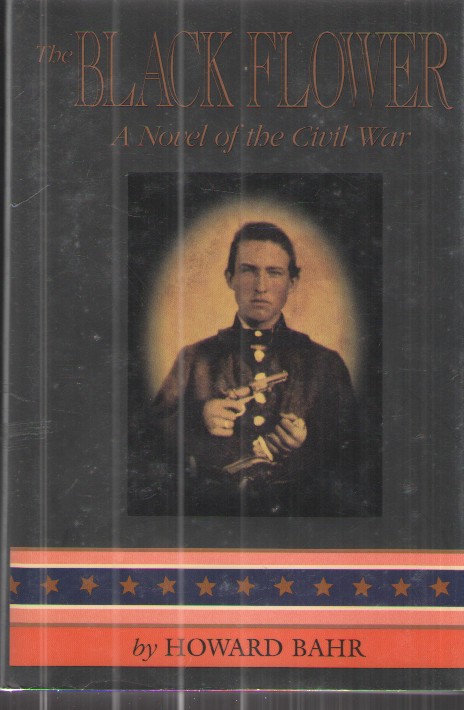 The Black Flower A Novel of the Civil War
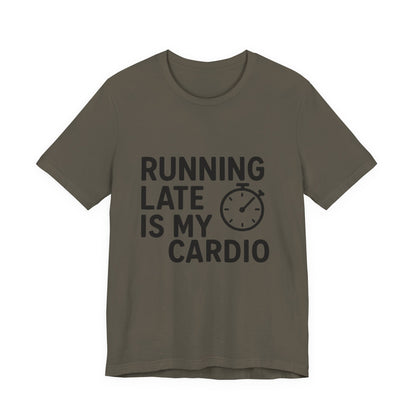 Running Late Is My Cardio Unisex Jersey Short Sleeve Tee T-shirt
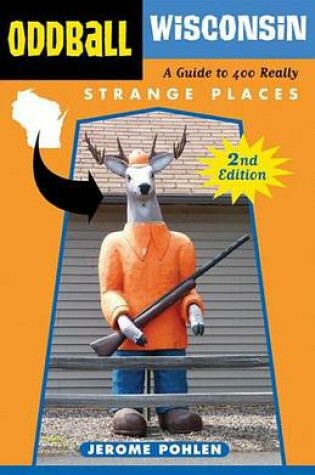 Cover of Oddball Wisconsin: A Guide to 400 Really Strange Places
···
◆ **Your instructions**
Each line above must be repeated exactly in the answer, with pictures omitted.

◆ **Solution below**
 The Black Flower A Novel of the Civil War
 Running Late Is My Cardio Unisex Jersey Short Sleeve Tee T-shirt
 Cover of Oddball Wisconsin: A Guide to 400 Really Strange Places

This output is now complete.